Cinquante ans plus tard, la carte à puce tient-elle toujours ses promesses de sécurité ?

On l’utilise chaque jour sans s’en rendre compte. La carte à puce, invention française qui fête ses 50 ans lundi, se loge dans les cartes bancaires, cartes SIM ou encore carte Vitale.

Ce rectangle de plastique incrusté d’un circuit électronique intégré miniaturisé a été plébiscité, d’abord en France puis dans le monde, en raison de son haut niveau de sécurité. Explications.74

. Comment ça marche ?

C’est l’équivalent d’un « micro-ordinateur embarqué sur la carte », qui va répondre de façon sécurisé, par oui ou non, à des interrogations de sécurité de l’extérieur, « sans jamais livrer les secrets qui sont mis à l’intérieur », décrypte pour l’AFP Loic Guezo, vice-président du Clusif, une association française de professionnels de la cybersécurité.

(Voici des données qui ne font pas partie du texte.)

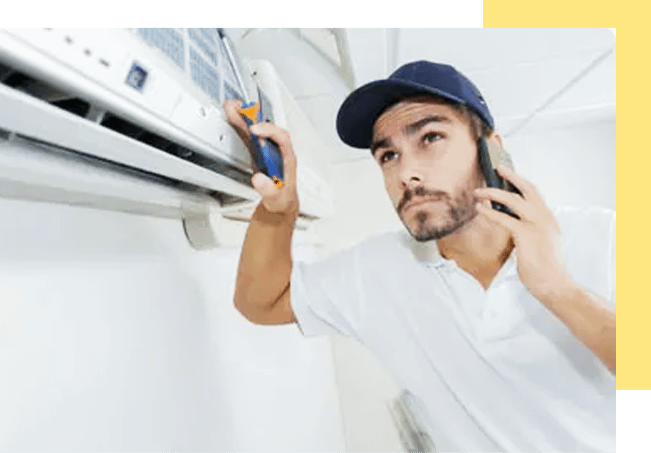 professionals-HVAC-repair-and-service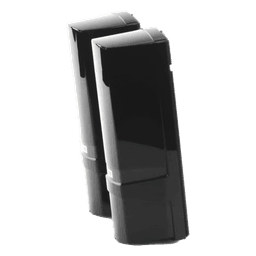 SFIRE SFE50 / Barrera Fotoeléctrica de Triple Haz / 50 m Exterior / IP65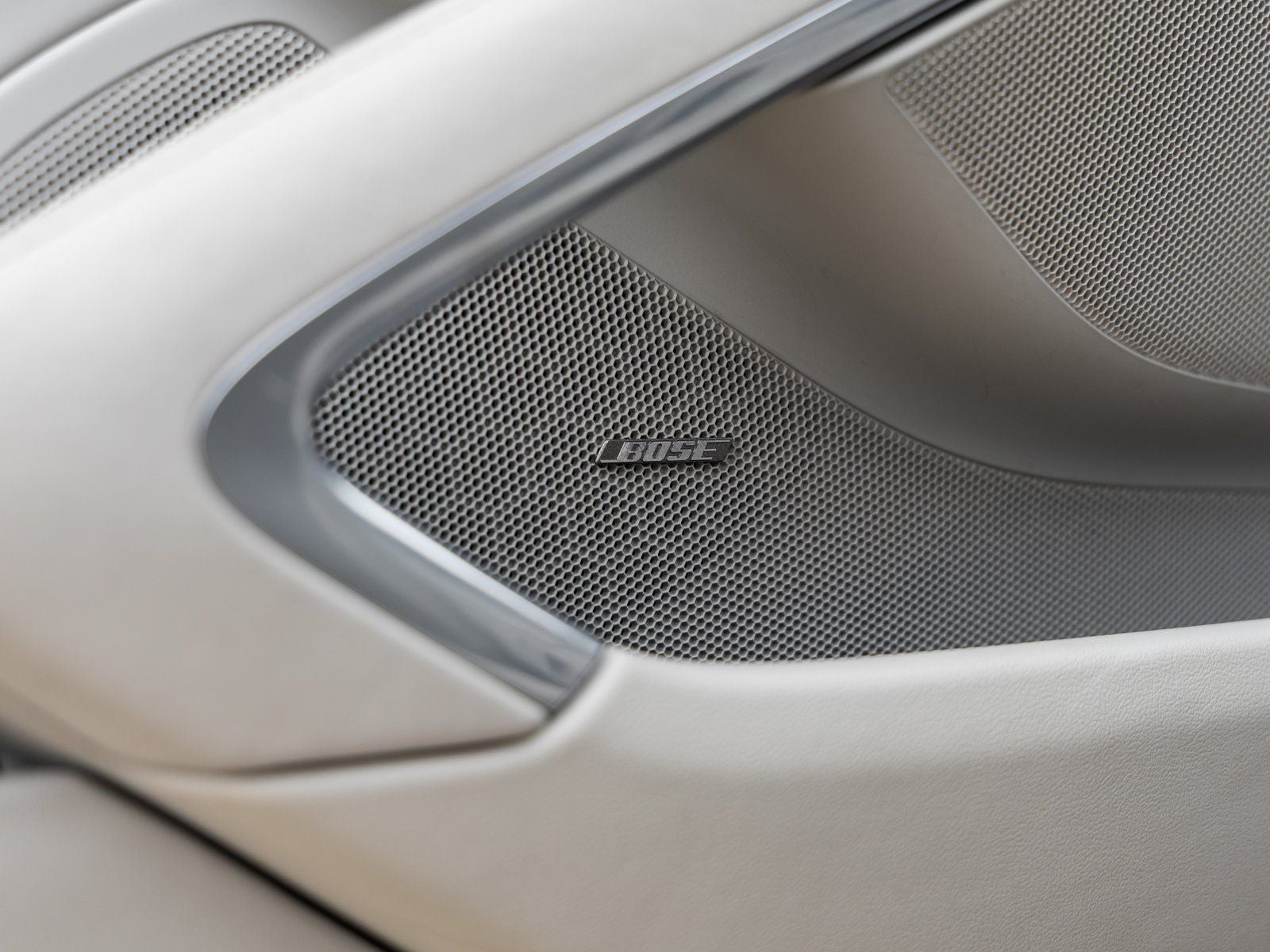 2018 Porsche 911 Turbo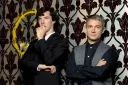 Populární seriál Sherlock se možná dočká filmové verze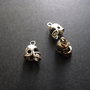 PANDANTIV CASCA - 13 X 11,5 MM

La majorité des cartes à puce contiennent ainsi des informations chiffrées. Elles peuvent servir de moyen d’identification personnelle et de paiement.

La carte à puce a été conçue pour résister à plusieurs types d’attaques: les attaques logiciel « où on va essayer de détourner la sécurité en jouant sur les commandes », les attaques dites « invasives » qui visent le silicium de la carte, les attaques par observation où on cherche à remonter à la clé cryptographique en observant les signaux électroniques émis ou encore les attaques par perturbation du composant lors de son fonctionnement, détaille Jessy Clédière, expert en sécurité des cartes à puces au Commissariat à l’énergie atomique et aux énergies alternatives (CEA).

Les pannes ou la fraude sont peu courantes. A titre d’exemple, le taux de fraude à la carte bancaire était de 0,053% dans l’Hexagone en 2022, son plus bas niveau historique, d’après la Banque de France.

. Quelles sont les alternatives ?

Elles concernent principalement le domaine bancaire avec le développement des virements instantanés, du paiement sans contact ou encore par mobile où la carte est dématérialisée et qui utilisent une technologie d’ondes radio à courte distance.

« Le smartphone change la donne », reconnaît M. Clédière, qui évoque Apple Pay et Google Pay.

« Elle ne va pas disparaître dans les cinq ans mais, dans 15 à 20 ans, je ne suis pas sûr qu’il y ait autant de cartes à puce sur le terrain que maintenant », poursuit-il.

. Ces alternatives sont-elles aussi sécurisées ?

Elles présentent un niveau de sécurité un peu moins élevé pour les experts interrogés.

Piratage à distance, usurpation d’identité en ligne: « dès qu’on dématérialise, on est sur du numérique donc il y a des types d’attaques nouvelles qui sont possibles, qui ne sont pas possibles sur une carte physique », souligne Loic Guezo. « Ca ouvre le champ des possibles pour les attaquants ».

Car pour pirater une carte à puce, encore faut-il y avoir accès, être physiquement présent, la voler ou installer un faux lecteur de carte sur un distributeur de billets.

« C’est un acte différent. Plus difficile », soutient Nosing Doeuk responsable de l’innovation technologique au sein du cabinet de conseil mc2i. « Il faut avoir un peu de matériel ».

. Disparition ou évolution ?

Pour certains cas d’usage, comme les paiements de petites sommes ou les achats du quotidien, « on n’est pas contre avoir un peu moins de sécurité contre beaucoup plus de praticité », note M. Doeuk.

Mais quand on a besoin d’une sécurité maximum, la carte à puce reste un moyen très robuste pour s’authentifier, selon lui.

Ce dispositif a aussi montré qu’il pouvait s’adapter aux nouveaux défis de sécurité comme l’émergence des ordinateurs quantiques, dont les capacités de calcul sans précédent peuvent casser les algorithmes utilisés en cryptographie classique.

Thales, premier fabricant mondial de carte SIM, a ainsi annoncé en 2023 la création d’une carte à puce avec un algorithme post-quantique embarqué, en collaboration avec l’opérateur sud-coréen SK Telecom.

« La carte à puce n’a pas de raison de disparaître. Ce n’est pas une technologie obsolète et elle ne présente pas beaucoup de défauts intrinsèques », résume Nosing Doeuk, pour qui les alternatives numériques représentent un complément, pas une menace.